12.  SUBSEQUENT EVENTS

     From July 1, 1999 to July 29, 1999, the Company acquired three land parcels
for an aggregate purchase price of approximately $3,397, excluding costs
incurred in conjunction with the acquisition of these land parcels.

     On July 19, 1999, the Company and the Operating Partnership paid a second
quarter 1999 dividend/distribution of $.60 per common share/Unit, totaling
approximately $27,157.

















                                       12

<PAGE>   14


                       FIRST INDUSTRIAL REALTY TRUST, INC.

       ITEM 2. MANAGEMENT'S DISCUSSION AND ANALYSIS OF FINANCIAL CONDITION
                            AND RESULTS OF OPERATIONS

     The following discussion and analysis of First Industrial Realty Trust,
Inc.'s (the "Company") financial condition and results of operations should be
read in conjunction with the financial statements and notes thereto appearing
elsewhere in this Form 10-Q.

     This report contains certain forward-looking statements within the meaning
of Section 27A of the Securities Act of 1933, as amended, and Section 21E of the
Securities Exchange Act of 1934, as amended.
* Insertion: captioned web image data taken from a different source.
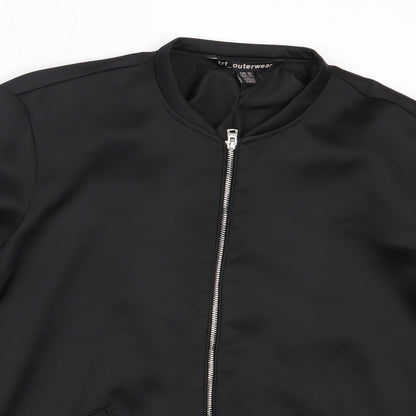 Womens UK Size XS trf Black Jacket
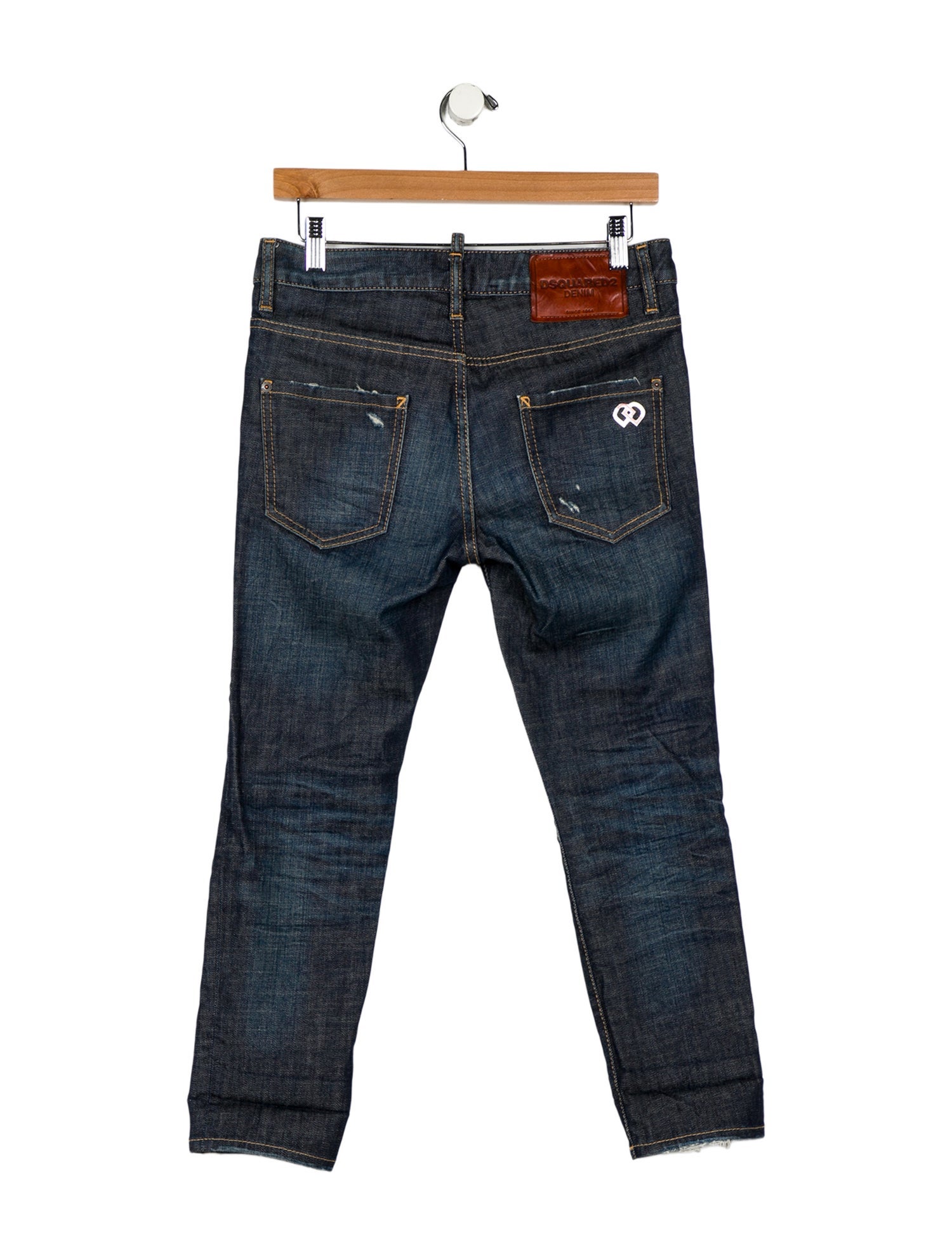 Dsquared² Mid-Rise Straight Leg Jeans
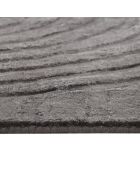 Tapis rectangulaire Dana Viscose gris anthracite - 200x300 cm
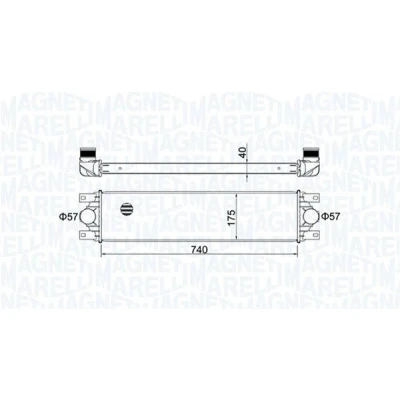 Billede af MAGNETI MARELLI 351319204790 Intercooler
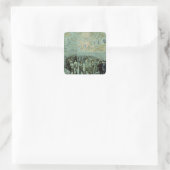 Vincent van Gogh | De tentoonstelling Vierkante Sticker (Tas)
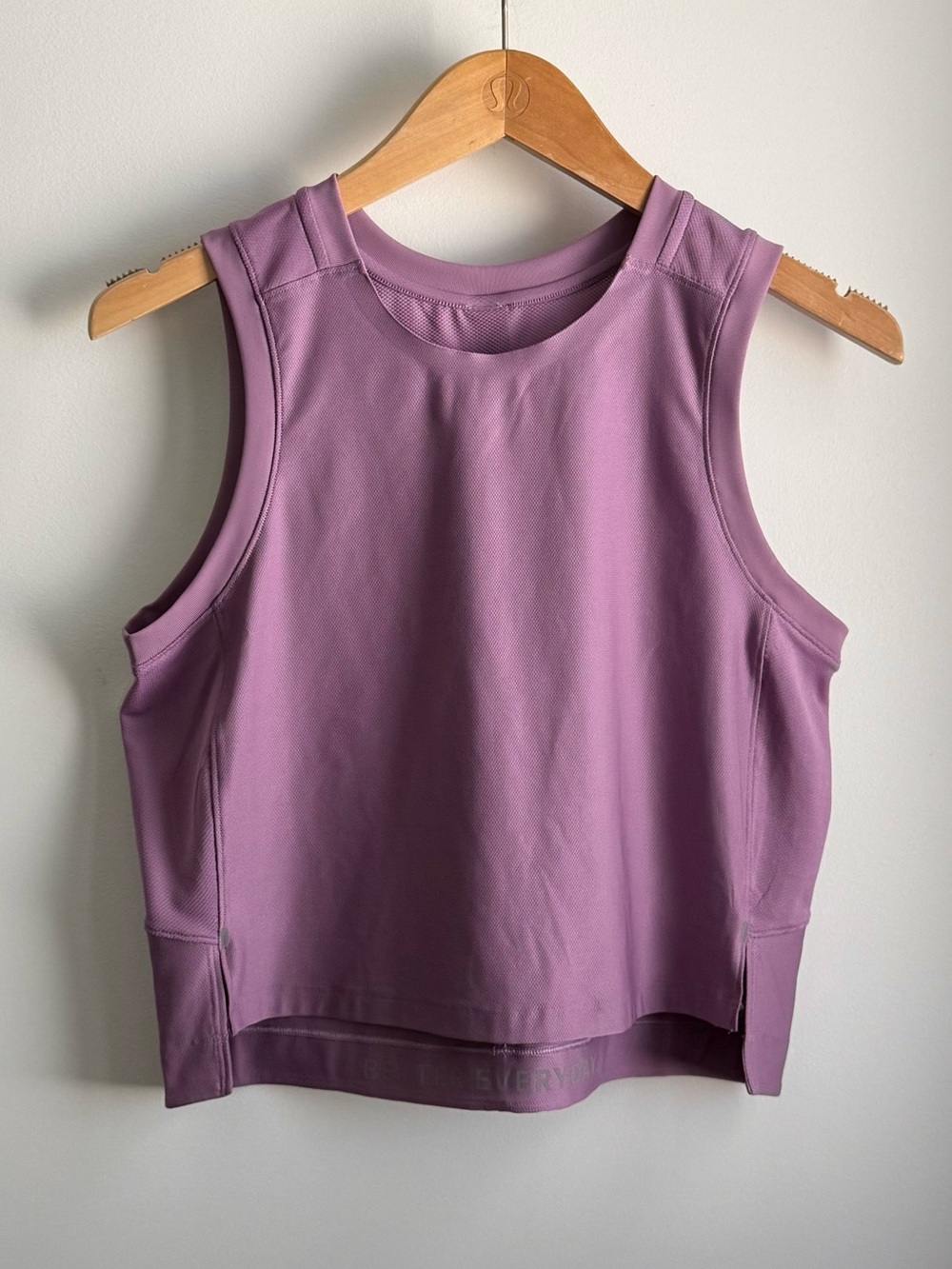 lululemon mesh cropped train tank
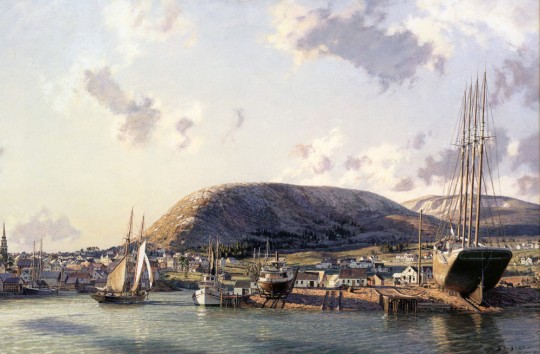 絵画 E BATES < HARBOR VIEW > 絵画 GEORGE BATES < HARBOR VIEW > GEORGE BATES Canadian Two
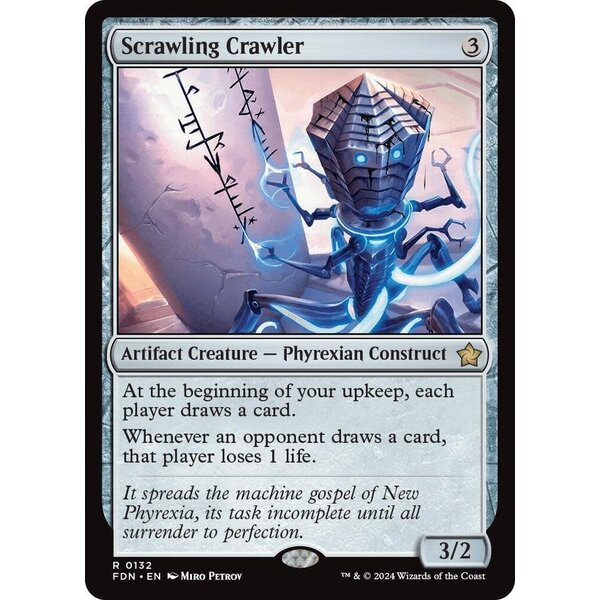 Magic: The Gathering Scrawling Crawler (132) Lightly Played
The Company intends such
forward-looking statements to be covered by the safe harbor provisions for
forward-looking statements contained in the Private Securities Litigation Reform
Act of 1995, and is including this statement for purposes of complying with
those safe harbor provisions. Forward-looking statements, which are based on
certain assumptions and describe future plans, strategies and expectations of
the Company, are generally identifiable by use of the words "believe," "expect,"
"intend," "anticipate," "estimate," "project," or similar expressions. The
Company's ability to predict results or the actual effect of future plans or
strategies is inherently uncertain. Factors which could have a material adverse
affect on the operations and future prospects of the Company on a consolidated
basis include, but are not limited to, changes in: economic conditions generally
and the real estate market specifically, legislative/regulatory changes
(including changes to laws governing the taxation of REITs), availability of
capital, interest rates, competition, supply and demand for industrial
properties in the Company's current and proposed market areas, general
accounting principles, policies and guidelines applicable to REITs and status of
Year 2000 compliance. These risks and uncertainties should be considered in
evaluating forward-looking statements and undue reliance should not be placed on
such statements. Further information concerning the Company and its business,
including additional factors that could materially affect the Company's
financial results, is included herein and in the Company's other filings with
the Securities and Exchange Commission.

     The Company was organized in the state of Maryland on August 10, 1993. The
Company is a real estate investment trust ("REIT") as defined in the Internal
Revenue Code. The Company's operations are conducted primarily through First
Industrial, L.P. (the "Operating Partnership") of which the Company is the sole
general partner with an approximate 84.1% ownership interest at June 30, 1999.
As of June 30, 1999, the Company owned 968 in-service properties located in 25
states, containing an aggregate of approximately 67.5 million square feet of
gross leasable area ("GLA") and two properties held for redevelopment. Of the
968 in-service properties owned by the Company, 820 are held by the Operating
Partnership, 103 are held by limited partnerships in which the Operating
Partnership is the 99% limited partner and wholly owned subsidiaries of the REIT
are the 1% general partners and 45 are held by limited liability companies of
which the Operating Partnership is the sole member. The Company, through
wholly-owned limited liability companies of which the Operating Partnership is
the sole member, also owns a 10% equity interest in, and provides asset and
property management services to, a joint venture which invests in industrial
properties (the "September 1998 Joint Venture"). Minority interest in the
Company at June 30, 1999 represents the approximate 15.9% aggregate partnership
interest in the Operating Partnership held by the limited partners thereof.

RESULTS OF OPERATIONS

     At June 30, 1999, the Company owned 968 in-service properties with
approximately 67.5 million square feet of GLA, compared to 954 in-service
properties with approximately 67.7 million square feet of GLA at June 30, 1998.
The addition of 74 properties acquired or developed between July 1, 1998 and
June 30, 1999 included the acquisitions of 62 properties totaling approximately
2.1 million square feet of GLA and the completed development of 12 properties
totaling approximately 1.5 million square feet of GLA. The Company also
completed the expansion of one property totaling approximately .1 million square
feet of GLA and the sales of 58 in-service properties totaling approximately 3.6
million square feet of GLA and

                                       13

<PAGE>   15


several land parcels. The Company also took two properties out of service that
are under redevelopment comprising approximately .3 million square feet of GLA.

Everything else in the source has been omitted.